Bug #114832 Collation set on connect is ignored
Submitted: 1 May 7:21 Modified: 24 Jun 22:34
Reporter: Daniël van Eeden (OCA) Email Updates:
Status: Closed Impact on me:
None 
Category:Connector / Python Severity:S1 (Critical)
Version:8.4.0 OS:Any
Assigned to: CPU Architecture:Any
Tags: cext, collation, collation, Collations

[1 May 7:21] Daniël van Eeden
Description:
The collation on `mysql.connector.connect(collation=..., ...)` isn't sent to the server correctly.
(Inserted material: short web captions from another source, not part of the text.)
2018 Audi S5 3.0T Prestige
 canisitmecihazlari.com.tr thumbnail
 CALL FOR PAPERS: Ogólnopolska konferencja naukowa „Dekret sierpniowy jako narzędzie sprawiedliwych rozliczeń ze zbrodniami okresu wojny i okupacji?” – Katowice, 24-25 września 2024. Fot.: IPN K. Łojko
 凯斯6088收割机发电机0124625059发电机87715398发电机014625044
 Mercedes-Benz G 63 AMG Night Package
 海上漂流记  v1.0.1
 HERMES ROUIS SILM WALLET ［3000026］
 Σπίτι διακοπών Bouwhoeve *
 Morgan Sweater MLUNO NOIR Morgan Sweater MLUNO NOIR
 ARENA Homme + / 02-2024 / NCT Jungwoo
Both hosts are on Fedora 40. One is with the MySQL YUM repo and 8.4.0 and the other is with the versions that came with the OS (without the YUM repo).

### HostA
$ /tmp/t.py
utf8mb4_ja_0900_as_cs : Connection established, collation_connection is utf8mb4_0900_ai_ci
utf8mb4_bin           : Connection established, collation_connection is utf8mb4_0900_ai_ci
utf8mb4_general_ci    : Connection established, collation_connection is utf8mb4_0900_ai_ci
binary                : Connection established, collation_connection is b'binary'
foobar                : Connection failed: Collation 'foobar' unknown
$ rpm -q mysql-connector-python3 mysql-community-libs
mysql-connector-python3-8.4.0-1.fc40.x86_64
mysql-community-libs-8.4.0-10.fc40.x86_64

### HostB
# ./t.py 
utf8mb4_ja_0900_as_cs : Connection established, collation_connection is utf8mb4_ja_0900_as_cs
utf8mb4_bin           : Connection established, collation_connection is utf8mb4_bin
utf8mb4_general_ci    : Connection established, collation_connection is utf8mb4_general_ci
binary                : Connection established, collation_connection is bytearray(b'binary')
foobar                : Connection failed: Collation 'foobar' unknown.
# rpm -q mysql-connector-python3 mysql-common
mysql-connector-python3-8.0.21-12.fc40.noarch
mysql-common-8.0.36-3.fc40.noarch

See also:
- https://bugs.mysql.com/bug.php?id=114818
- https://github.com/mysql/mysql-connector-python

How to repeat:
#!/bin/python3 -t
import mysql.connector

collations = [
    "utf8mb4_ja_0900_as_cs",
    "utf8mb4_bin",
    "utf8mb4_general_ci",
    "binary",
    "foobar",
]

for collation in collations:
    try:
        c = mysql.connector.connect(
            host="127.0.0.1",
            port=3306,
            user="test",
            password="test",
            collation=collation,
            ssl_disabled=True,
        )
        cur = c.cursor()
        cur.execute("SHOW SESSION VARIABLES LIKE 'collation_connection'")
        for col in cur:
            print(
                f"{collation:22s}: Connection established, collation_connection is {col[1]}"
            )
        cur.close()
        c.close()
    except mysql.connector.errors.ProgrammingError as e:
        print(f"{collation:22s}: Connection failed: {e}")
[1 May 7:58] Daniël van Eeden
Note that `cmd_change_user()` shows the same issue where it is sending the right collation with 8.0 and not with 8.4.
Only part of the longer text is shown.